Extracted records
────────────────────

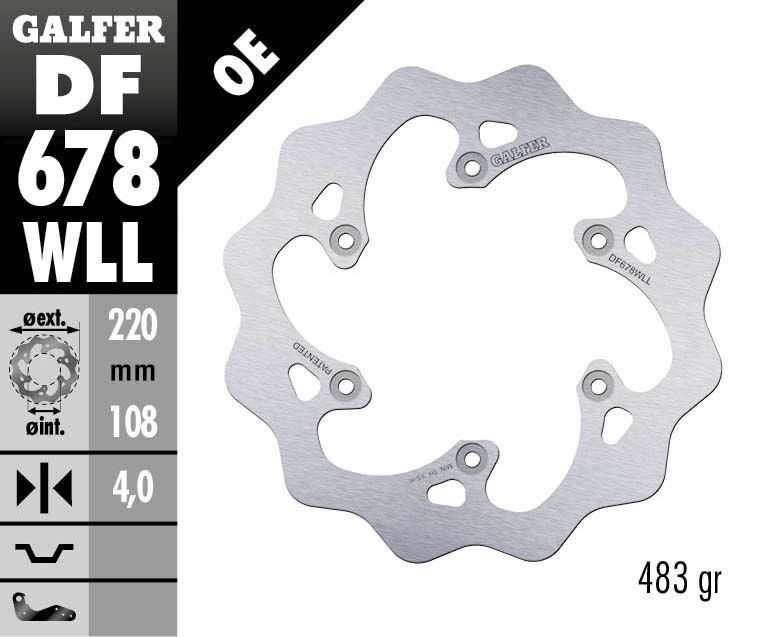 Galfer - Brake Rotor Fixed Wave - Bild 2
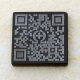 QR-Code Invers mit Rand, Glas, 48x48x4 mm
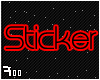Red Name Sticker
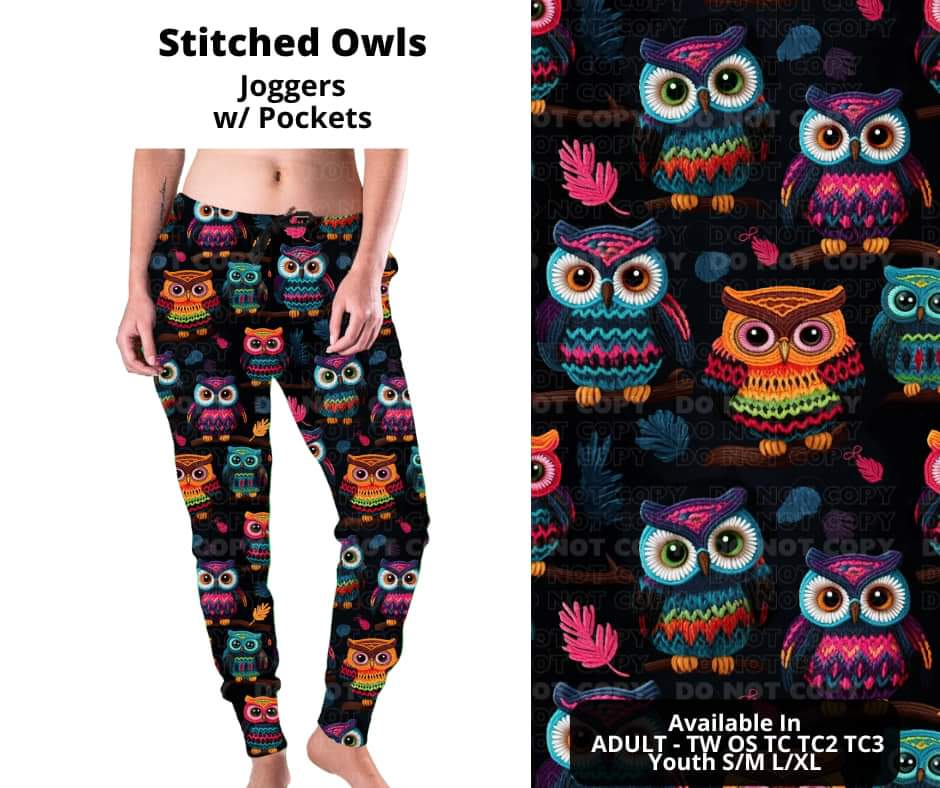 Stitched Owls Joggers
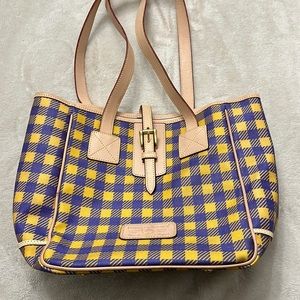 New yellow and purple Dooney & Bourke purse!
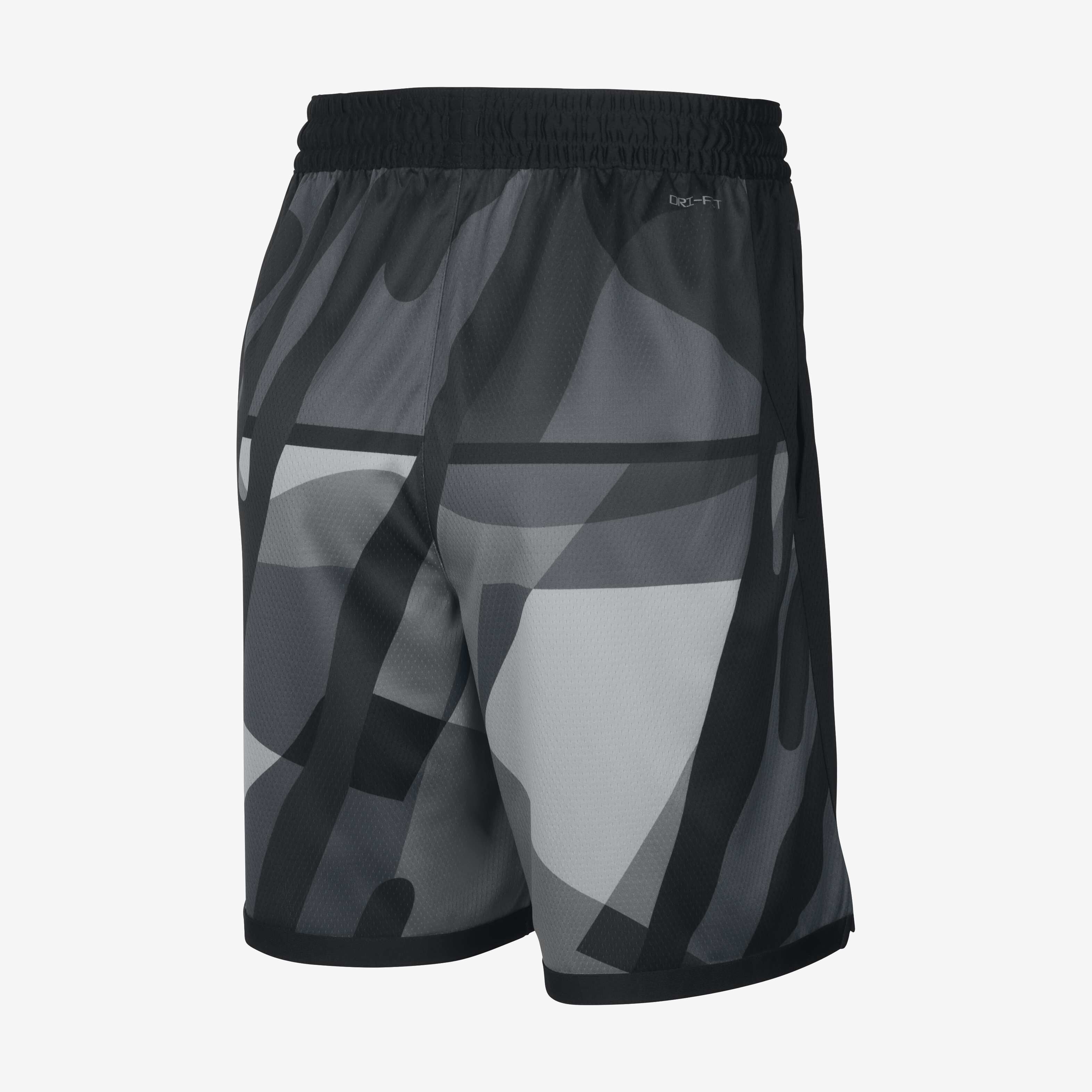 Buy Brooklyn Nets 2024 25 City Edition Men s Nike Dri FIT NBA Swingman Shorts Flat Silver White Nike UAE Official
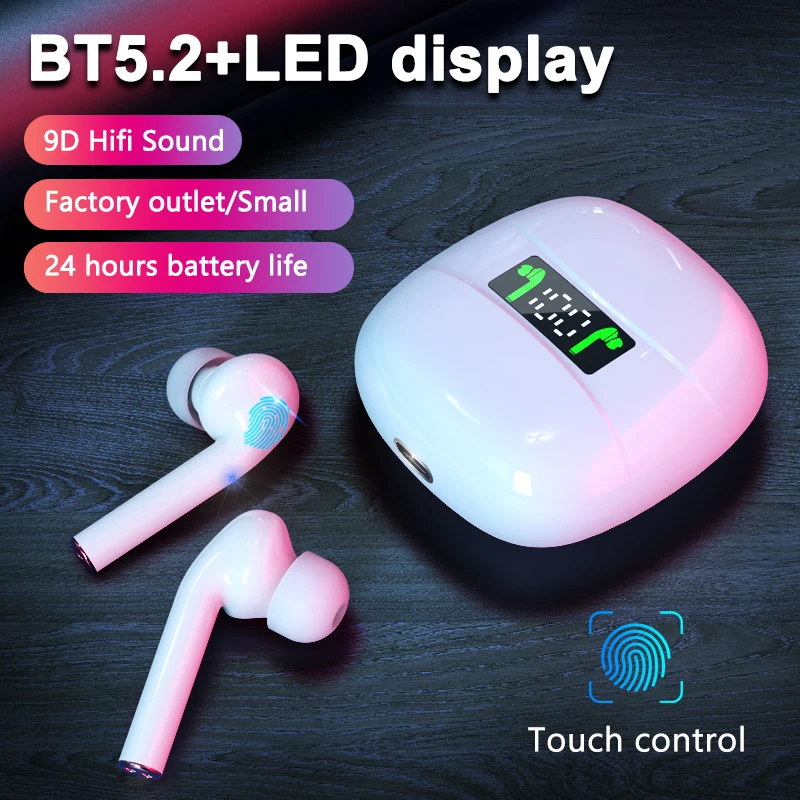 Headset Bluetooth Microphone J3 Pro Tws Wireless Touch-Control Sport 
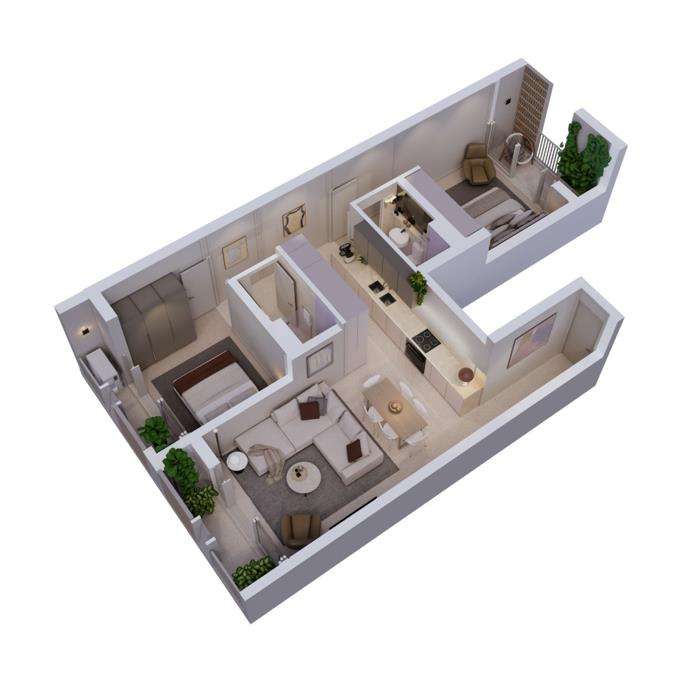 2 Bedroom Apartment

────────────────────

Required action: Please transcribe all of the entries word for word, with the pictures left out.

Task solution:
 Galfer - Brake Rotor Fixed Wave - Bild 2
 QR-Code Invers mit Rand, Glas, 48x48x4 mm
Red Name Sticker
 Stitched Owls Joggers
 New yellow and purple Dooney & Bourke purse!
 Buy Brooklyn Nets 2024 25 City Edition Men s Nike Dri FIT NBA Swingman Shorts Flat Silver White Nike UAE Official
 Headset Bluetooth Microphone J3 Pro Tws Wireless Touch-Control Sport 
 2 Bedroom Apartment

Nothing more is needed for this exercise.